**** Extracted data ****
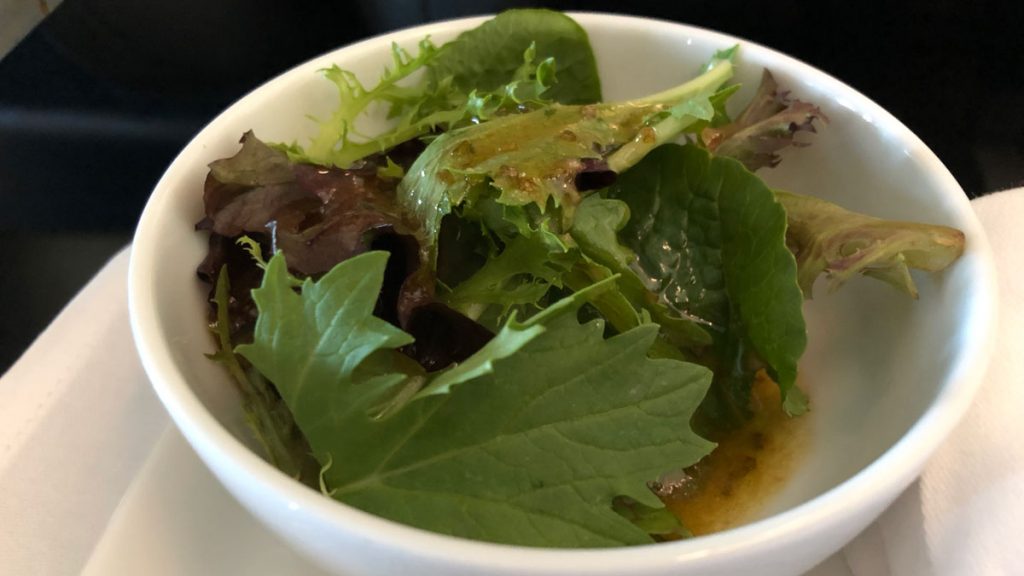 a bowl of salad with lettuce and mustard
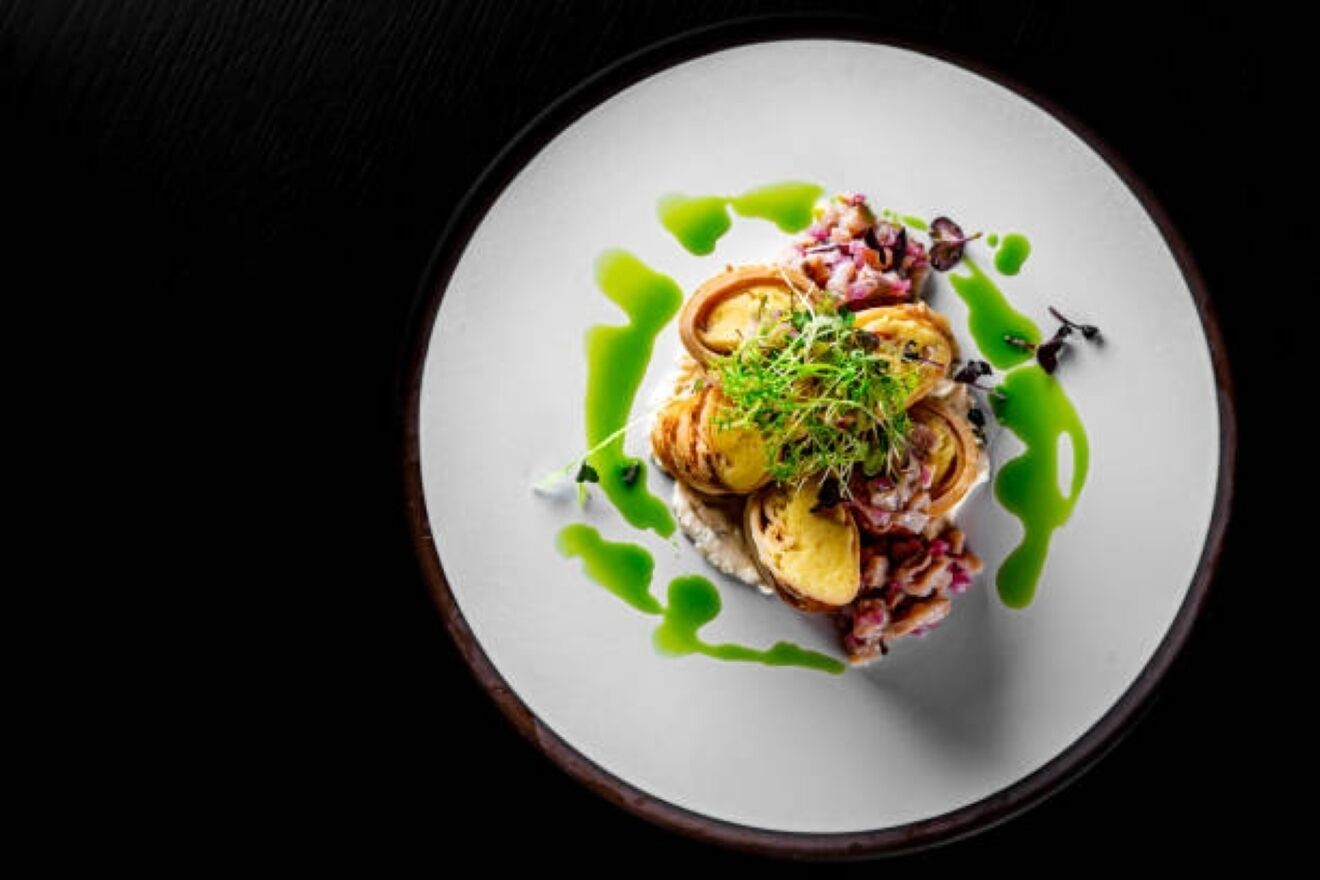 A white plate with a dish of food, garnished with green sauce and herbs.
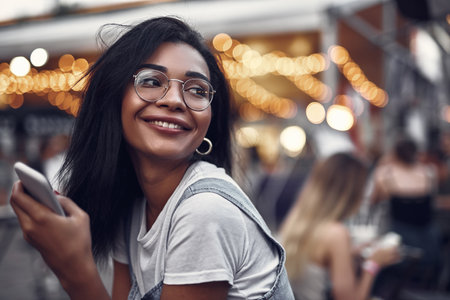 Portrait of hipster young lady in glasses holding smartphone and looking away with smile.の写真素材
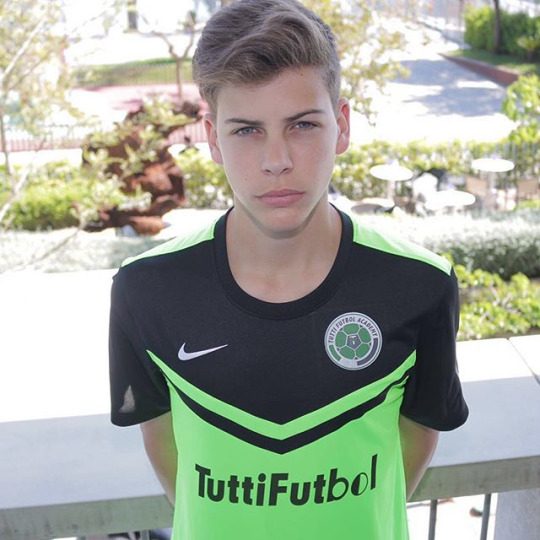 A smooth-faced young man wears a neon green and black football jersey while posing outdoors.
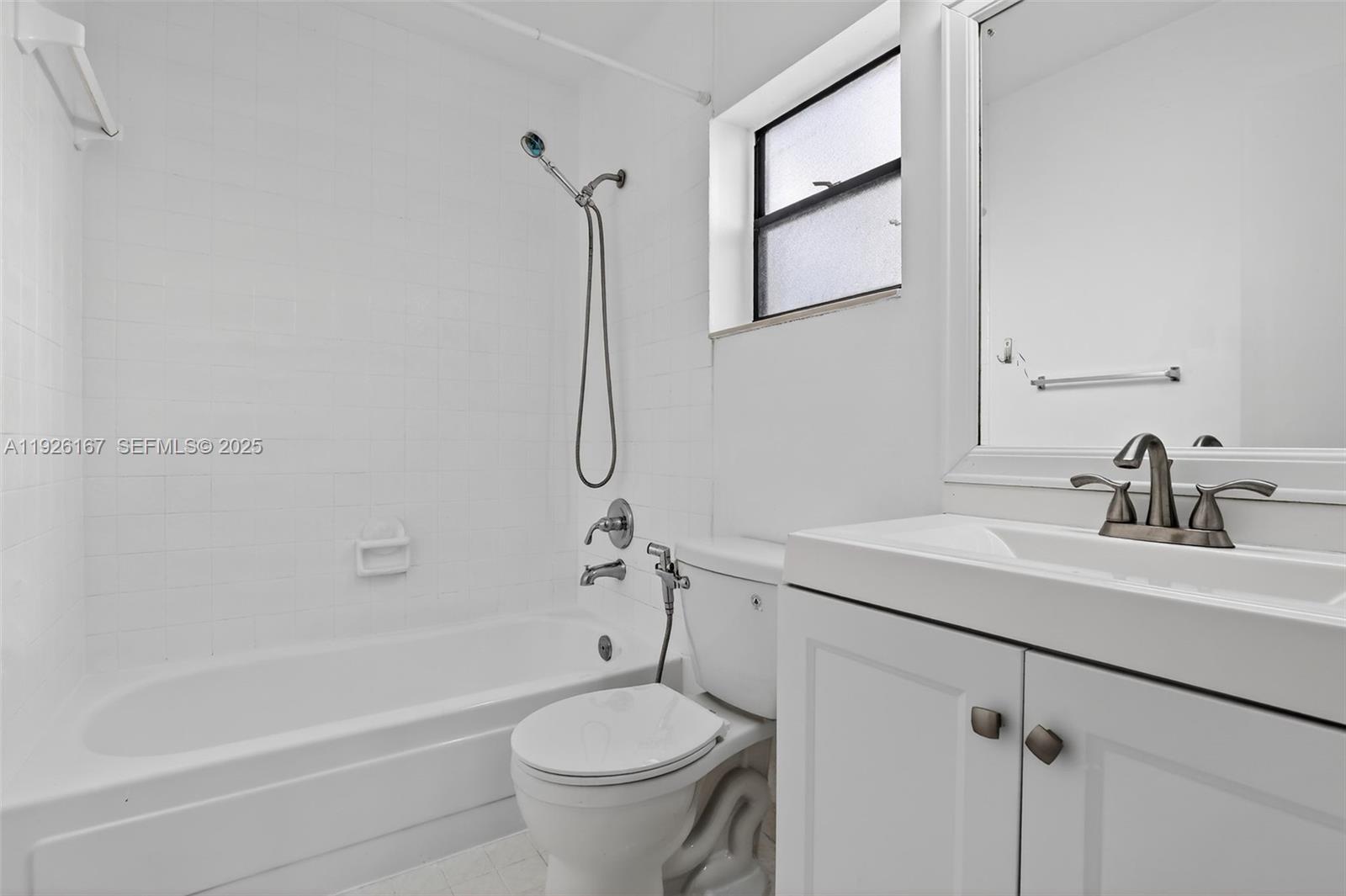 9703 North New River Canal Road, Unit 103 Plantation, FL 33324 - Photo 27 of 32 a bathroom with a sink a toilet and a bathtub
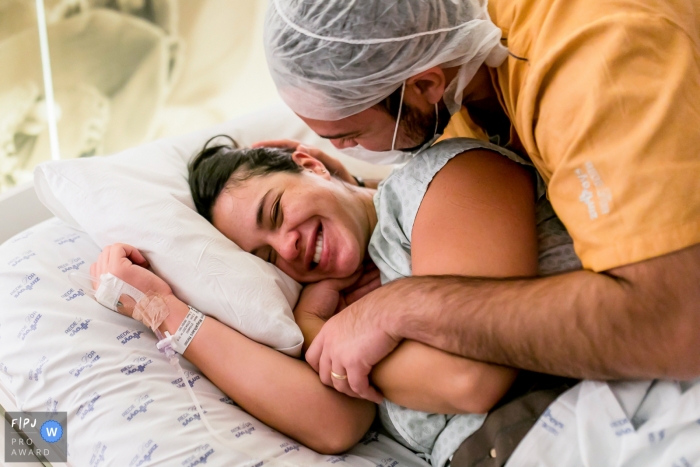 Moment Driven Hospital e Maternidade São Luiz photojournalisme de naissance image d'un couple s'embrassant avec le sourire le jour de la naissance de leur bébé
****
**** Extracted data ****
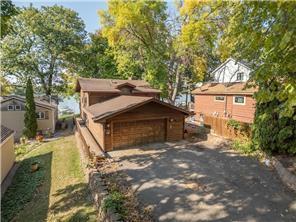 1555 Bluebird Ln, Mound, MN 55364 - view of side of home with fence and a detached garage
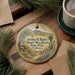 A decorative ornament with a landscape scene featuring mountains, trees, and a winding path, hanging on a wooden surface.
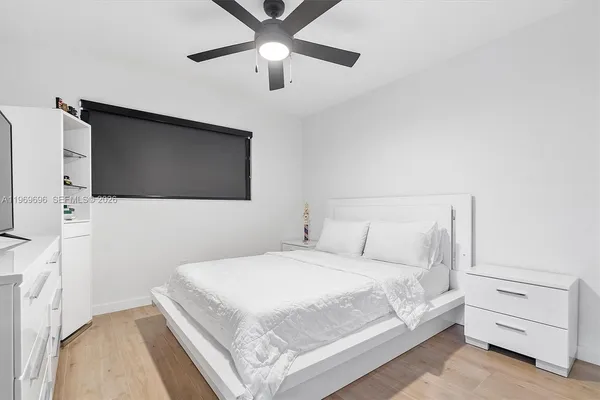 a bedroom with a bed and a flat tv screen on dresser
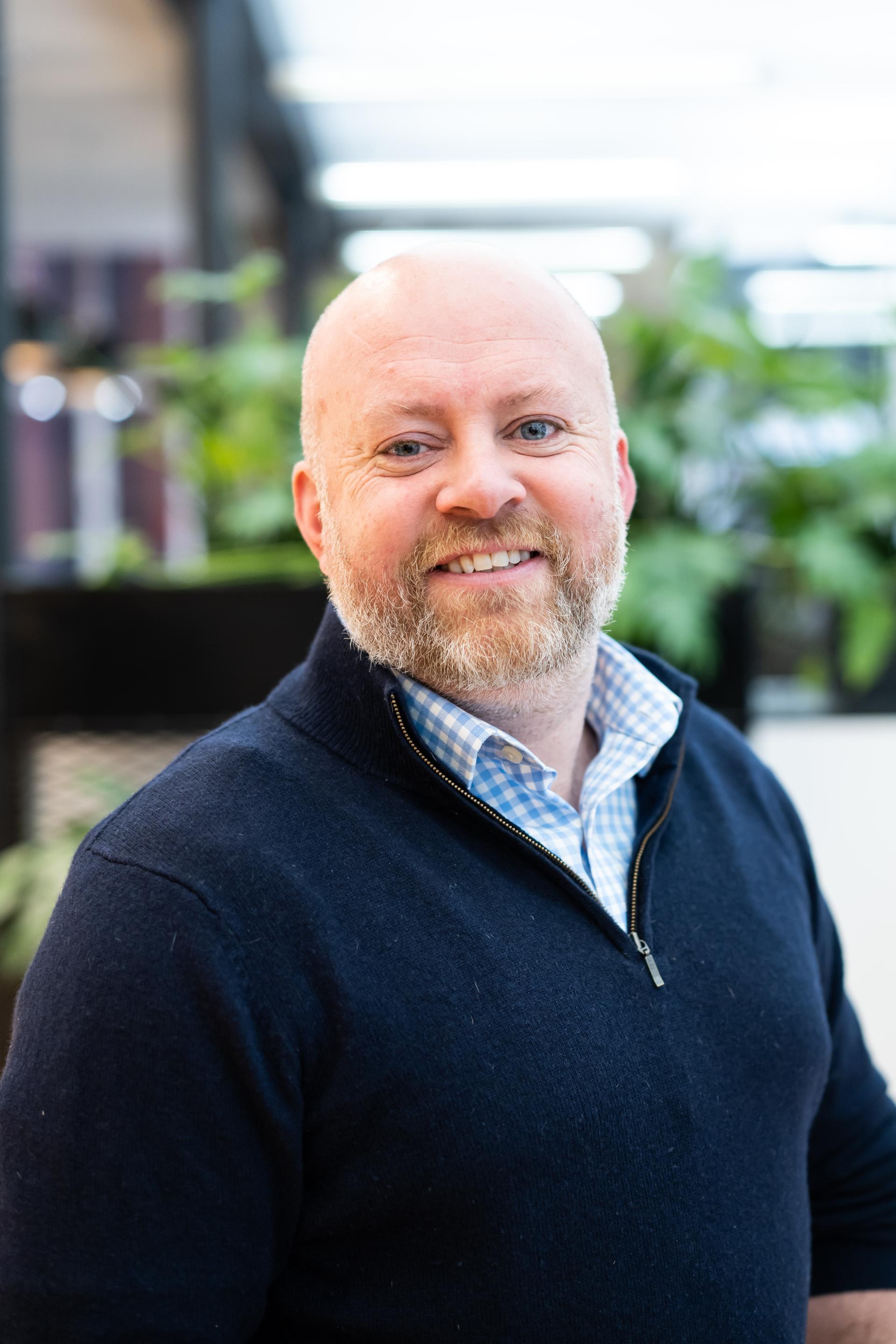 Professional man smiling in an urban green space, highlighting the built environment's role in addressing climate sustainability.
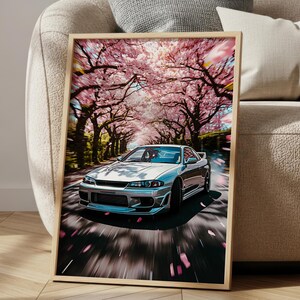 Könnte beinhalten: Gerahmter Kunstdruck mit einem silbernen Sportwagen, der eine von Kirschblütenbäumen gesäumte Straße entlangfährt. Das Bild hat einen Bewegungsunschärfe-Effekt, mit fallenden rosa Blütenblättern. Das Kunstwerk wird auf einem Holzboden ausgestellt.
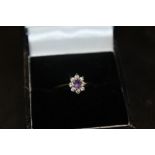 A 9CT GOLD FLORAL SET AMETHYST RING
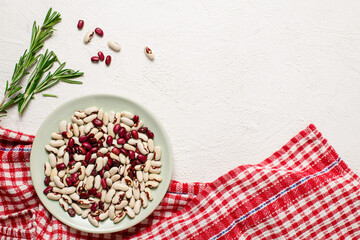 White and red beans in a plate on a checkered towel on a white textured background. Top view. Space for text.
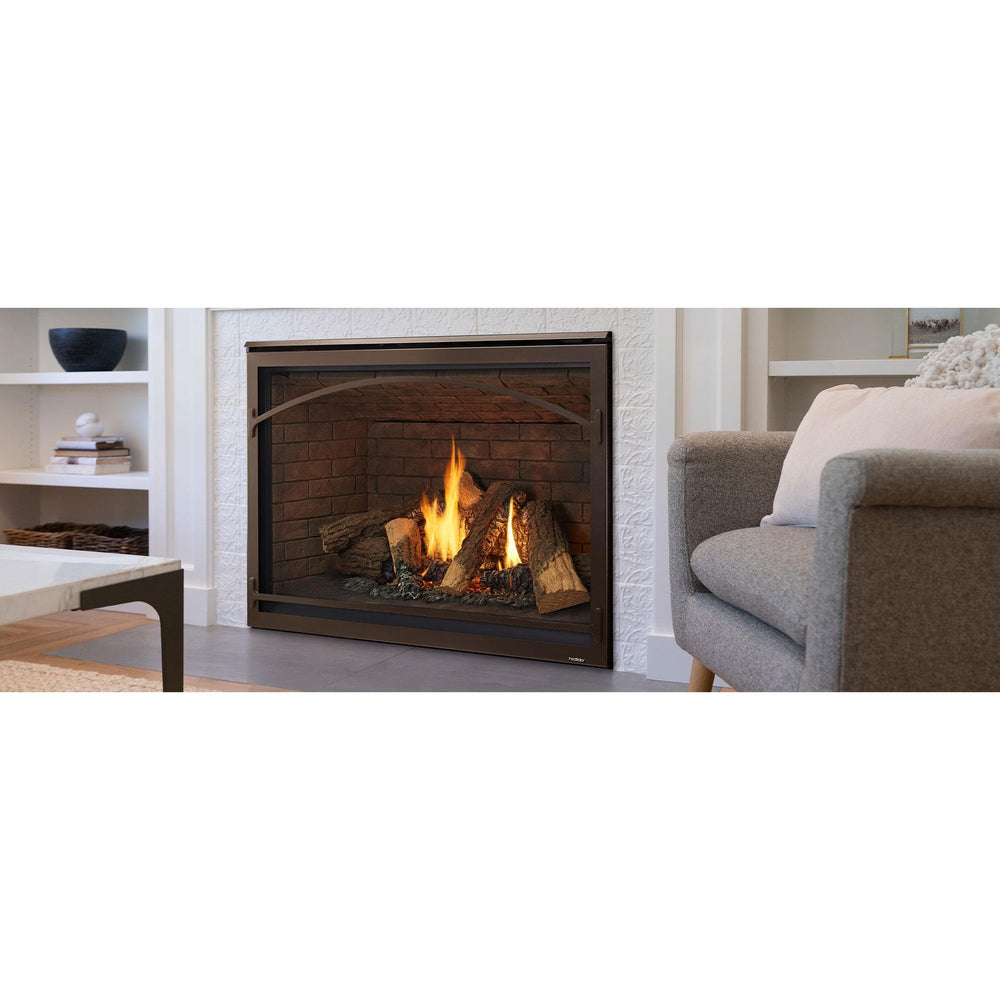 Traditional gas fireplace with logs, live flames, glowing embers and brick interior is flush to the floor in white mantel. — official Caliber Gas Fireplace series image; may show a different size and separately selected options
****
- [Exercise] Your answer must be the lines above from the one holding "White and red" up to and including the one holding "Traditional gas fireplace", exact and with no pictures.

- [Problem solution]
 White and red beans in a plate on a checkered towel on a white textured background. Top view. Space for text.
 Traditional gas fireplace with logs, live flames, glowing embers and brick interior is flush to the floor in white mantel. — official Caliber Gas Fireplace series image; may show a different size and separately selected options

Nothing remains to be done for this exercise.